Pam preprofile is a PAM module that ensures that some program or script is run each time a user logs into the computer. It’s suited for network administrators when they can’t rely on a particular shell to execute the user’s .profile, .bash_profile, .bashrc or similar… because sometimes the user home directory doesn’t even exist yet.
There are already many PAM modules out there, each one suited to a particular need (mounting shares, creating tmp dirs, etc.), but the real advantage of pam_preprofile is its versatility. Pam_preprofile can be used to satisfy any need not being implemented by any existing PAM module at this time but which can be written as a script by the system admin.
The configuration is simple. Just install the module at /lib/security/ and add this line at the end of /etc/pam.d/common-session:
session required pam_preprofile.so /tmp/myprogram.sh /usr/doc
That will call /tmp/myprogram.sh every time the user starts a session (logs into the desktop), passing it a “/usr/doc” parameter, plus an extra parameter with the username being authenticated.

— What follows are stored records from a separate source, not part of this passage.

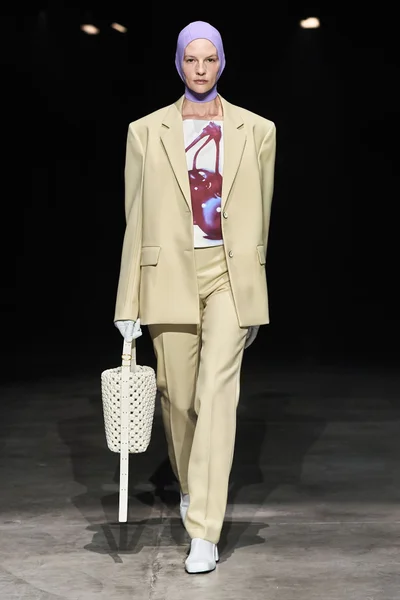 Look 30
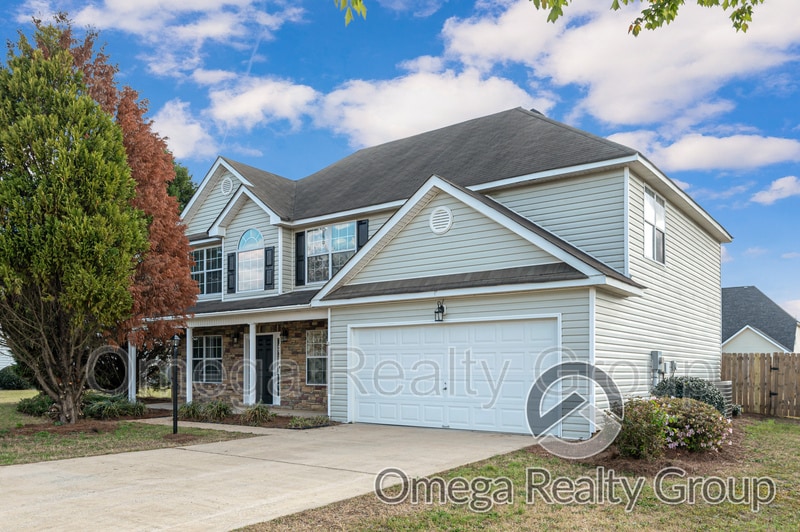 21 Navajo Trail, Fort Mitchell, AL 36856 House Rental in Fort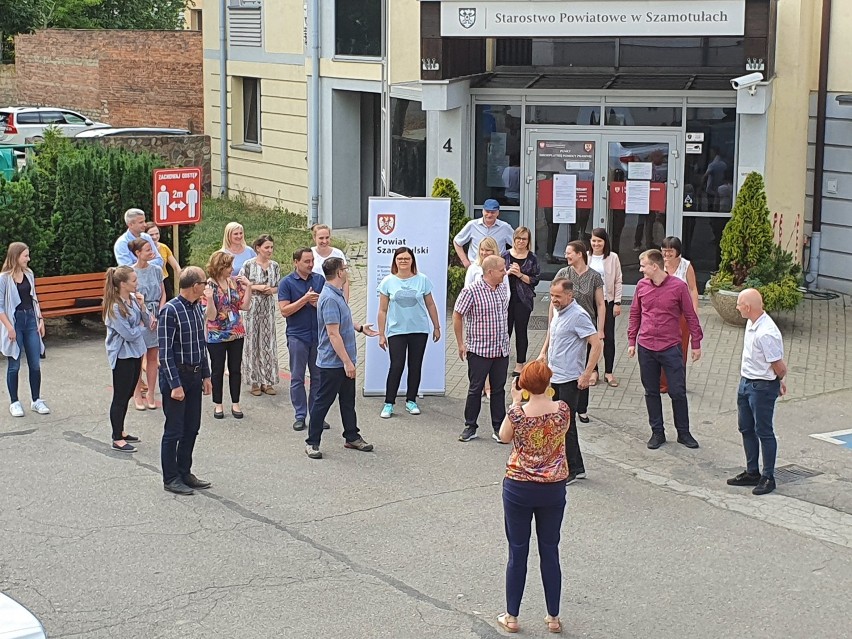 Szamotuły. #GaszynChallenge wykonany również przez Starostwo Powiatowe w Szamotułach!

In the previous version of the module, the script was executed always at the session stage. It was very helpful to create the user account. But some weeks ago, a network administrator presented me a scenario where he needed to execute the script each time the system asked the user for a password (that is, at “auth” stage), because the user info could have been updated meanwhile and some local configuration should be updated based on that.
I then improved the module and the new 1.1 version is out. It allow scripts to be executed in the PAM stage you want (account, auth, password and session), not only at the “session” stage allowed by the previous version.